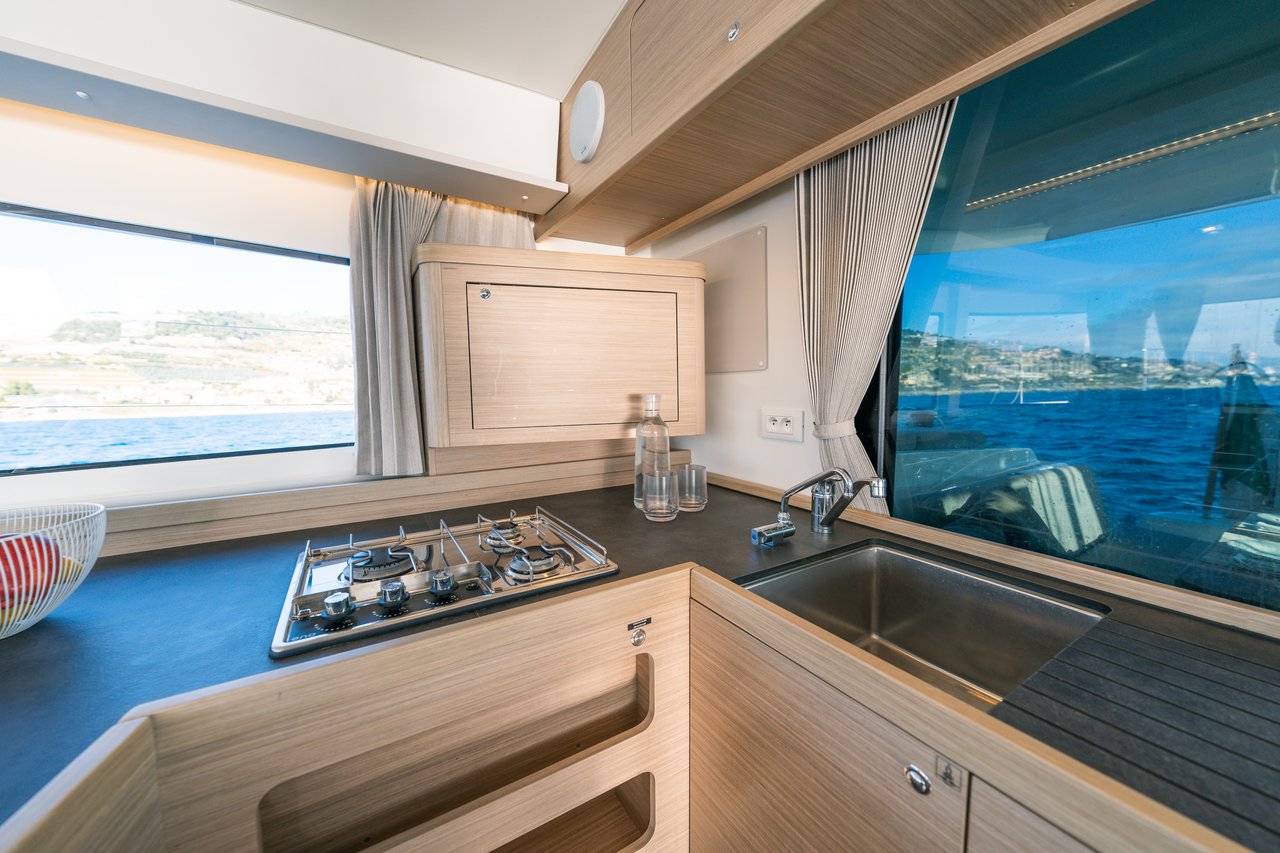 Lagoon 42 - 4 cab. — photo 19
--
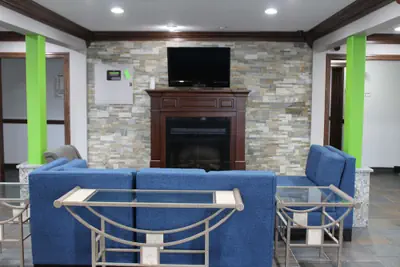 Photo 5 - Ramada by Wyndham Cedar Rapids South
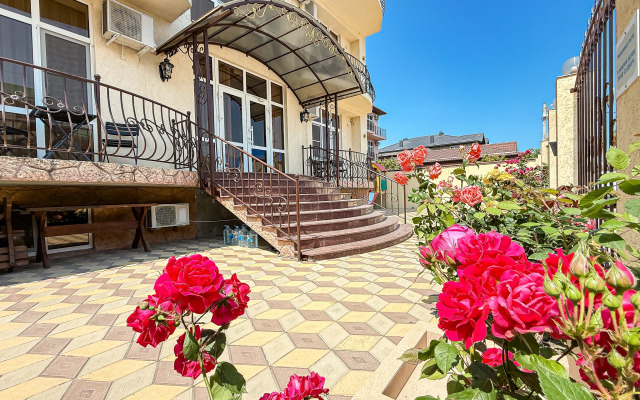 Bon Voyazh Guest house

Activity: Using the listing above, restate exactly the range between the lines holding "Photo 5 - Ramada" and "Bon Voyazh Guest house", inclusive, with pictures left out.

Answer for the task:
 Photo 5 - Ramada by Wyndham Cedar Rapids South
 Bon Voyazh Guest house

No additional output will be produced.